Written By Aspen S., – Official Contributor of The Crowned Series

Day in and day out, the students that I work with absolutely love to call me a nerd. In my youth, I’d be quick to fight anyone (with my slick words) who dared called me a nerd. I associated the word with someone who was easily picked on, who lacked social skills, and had virtually zero friends. And while I was at times made fun of for knowing weird facts or being enthralled in fictional worlds (I will forever be a Twi-hard), the fact of the matter is that there is nothing wrong with being a nerd. Especially if you own it.

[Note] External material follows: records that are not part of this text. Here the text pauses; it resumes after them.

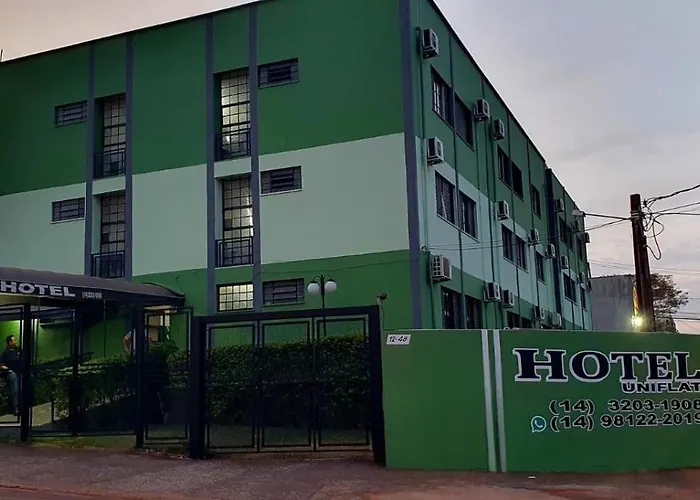 Uniflat Hotel Bauru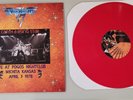 Van Halen Catch A Rising Star Wichita Kansas April 3 1978 Red Vinyl Record new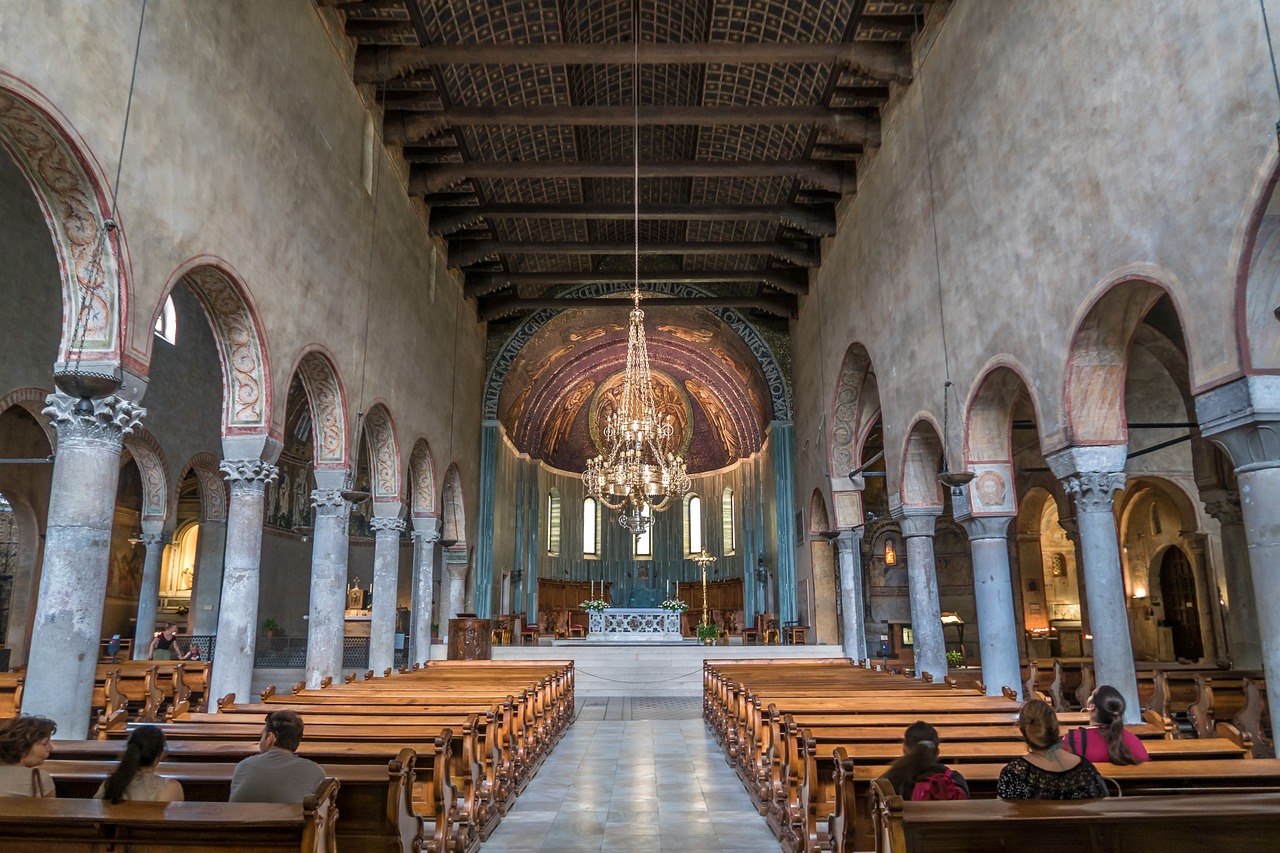 mosaico chiesa cristianesimo gotico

Since I’ve gotten older, you will never hear me deny that I’m a nerd. It’s who I am and I’m fine with that. My proximity to the nerd world mostly comes through with my fandom obsessions: The Twilight Saga, Harry Potter, comic book multiverses, etc. I love it all and these fandoms consumed much of my formative high school years and have stuck with me throughout adulthood. 

Now, my fandom allegiance doesn’t make me any different than the next person, but as a black woman deeply enthralled in these universes I think that a part of me has always been trying to bind together two worlds: My reality and the fantasy worlds that I temporarily escape my own reality to visit, especially when the real world gets too tough (you’ll always find me watching Twilight when I’m emotionally or socially drained). 

 When I say bind two distinct cultures, I think about how most of these narratives lack people of color so rarely have I seen characters who physically look like myself, but at the same time I relate so well to the quirky personalities of so many of the characters. Sometimes when reading I even imagine a character who may look more like me than the person who is then cast to play them in a movie. I think about how excited I was when I saw that The Flash cast Candace Patton as Iris West Allen, a historically White character. But then I see some of the negative commentary that she receives and start to question whether her sacrificing her own mental health as a result of playing this role is worth it. But then I think about all of the residual good that she is doing and the role modeling that she is doing for young black girls, even if that isn’t always communicated through social media. 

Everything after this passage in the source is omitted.